Sam shook again and she lifted her weight further over her knees to give her better leverage when his body tried to throw her to one side or the other. Jason waited until the convulsion passed before he stood. She dove her focus deeper into Sam’s mind again.
He was there. She finally found him. He was isolated from the desperate reaction of his body to the episode. Calm. Curious. Watching. That much, at least, was reassuring. He held her away, sensing the instability of his position, and she retreated, attending to his brain. There was a lot of seep, but his brain wasn’t pulling away from it like it had when he first triggered. It knew how to process the dark seep. At some points, she felt the defenses he had built up against it, hard sections of his mind surrounding the softer, lighter sections. They metabolized the darkness in swirls of power and defiance. She was startled at how well-built they were. She had only had access to a few psychics after she had learned how to look at brains like this, but none of them had had similar mechanics for dealing with the darkness. These fortified regions, though…
Sam convulsed again and she held his head still, trying to narrow down the possible sources of the worst upset. Jason sat down next to her and she took her time, making sure Sam was stable for another minute before she sat back onto a heel to take the glass of water Jason offered her.
“Is he okay?” Jason asked. Samantha drained the water in huge swallows, closing her eyes to feel the small stores of cool, light energy revive. She handed him the glass.
“Another,” she said. He waited and she closed her eyes, reviewing the shape Sam’s brain had taken.
“He’s incredible,” she said. “Maybe as strong as Abby. Someday. I want to do what I can to help, so there isn’t any more damage than I could prevent, but he’s holding his own.”
“Did I do something wrong?” he asked. She brushed Sam’s hair away from his forehead. His feet kicked in a smaller convulsion and she paused, making sure she didn’t get any h
ints of distress from him.
“I don’t think so. This is one of those that I kind of believe it wouldn’t have happened if it wasn’t supposed to.”

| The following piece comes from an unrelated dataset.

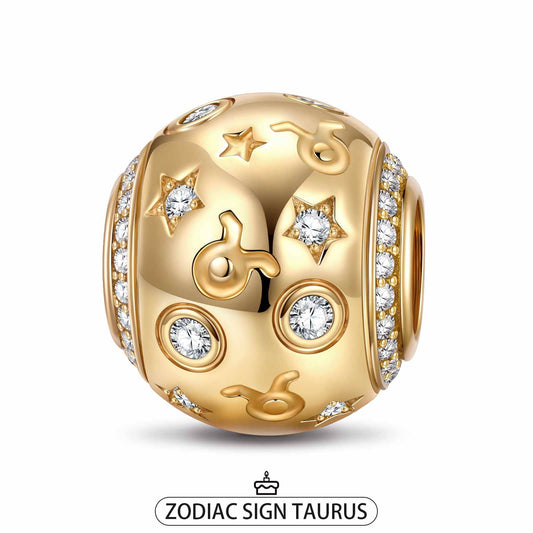 gon- Taurus Tarnish-resistant Silver Constellation Charms In 14K Gold Plated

He looked at her for a long time. She could feel the echoing emptiness underneath her professionalism, and she tried to keep her focus on Sam. He finally looked down at the glass in his hands.
“I’ll get you another,” he said. She nodded a thank you and turned to put her knees back on Sam’s shoulders, diving back into his brain. The hole was repairing and reshaping, directing the access to the parts of his brain that were shielded. She refrained from helping there, rather pulling the seep out of the softer parts of his mind that were reacting the worst. He shook again and she smoothed over a particularly undefended region, adding a block of her own that would fade over a few days or that he could pull away himself, if he wanted to. She observed for another minute, then let him go, sitting back on her heel again and taking the glass Jason offered her. She drank most of that, then rolled away, setting the glass on the night stand and sitting on the other bed, elbows on knees, to watch Sam.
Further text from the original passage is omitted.